YOUR OBJECTIVE
Your answer must be the exact lines from the one holding "NIKE Academy 25" through the end of the entries, with no pictures.

^^^^^^^^^^^^^^^^

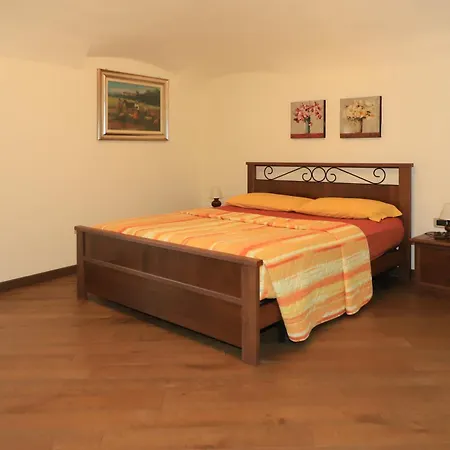 Apartman Elle E Elle Casa Bosco Natura Strona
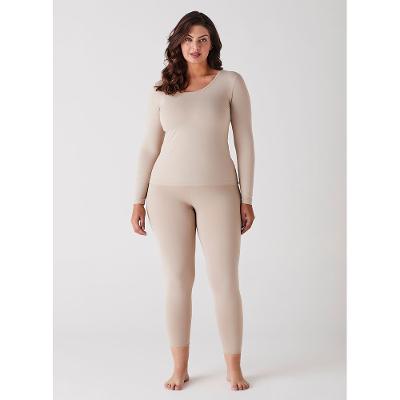 Legging Segunda Pele Térmica Bodycare 20500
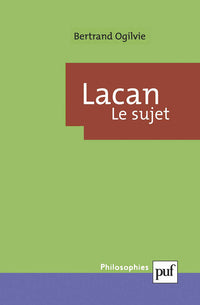 Le sujet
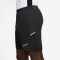 NIKE Academy 25 Dri-FIT Fußball Shorts Herren 010 - black/black/white XS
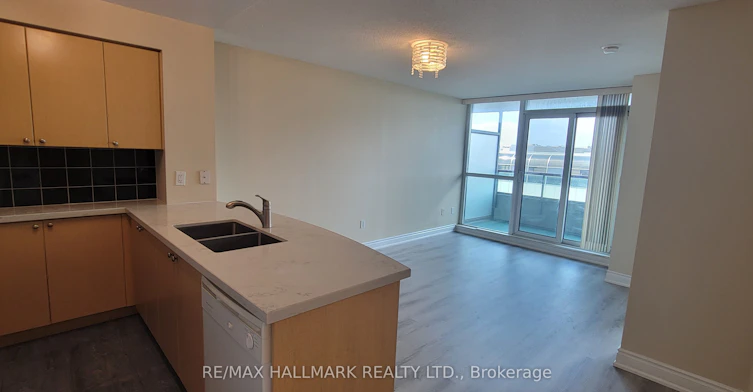 306-60 Brian Harrison Way, Toronto, ON, M1P 5J5 - 2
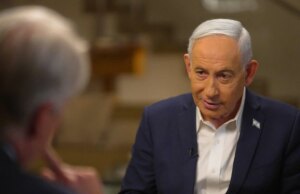 10/05/2026: Primeiro Ministro Netanyahu; Desenhando as Linhas; Gota Gota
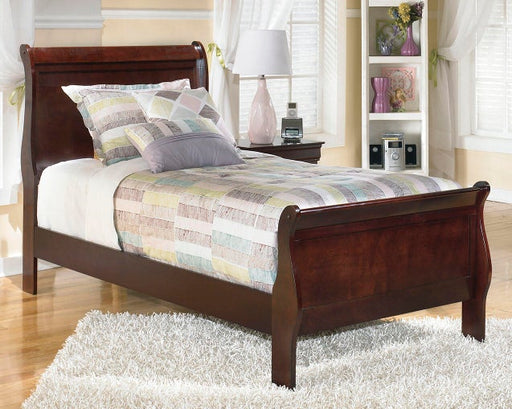 Alisdair Youth Bed - AJ's Home Furniture (Macon, GA)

^^^^^^^^^^^^^^^^

RESPONSE AREA
 NIKE Academy 25 Dri-FIT Fußball Shorts Herren 010 - black/black/white XS
 306-60 Brian Harrison Way, Toronto, ON, M1P 5J5 - 2
 10/05/2026: Primeiro Ministro Netanyahu; Desenhando as Linhas; Gota Gota
 Alisdair Youth Bed - AJ's Home Furniture (Macon, GA)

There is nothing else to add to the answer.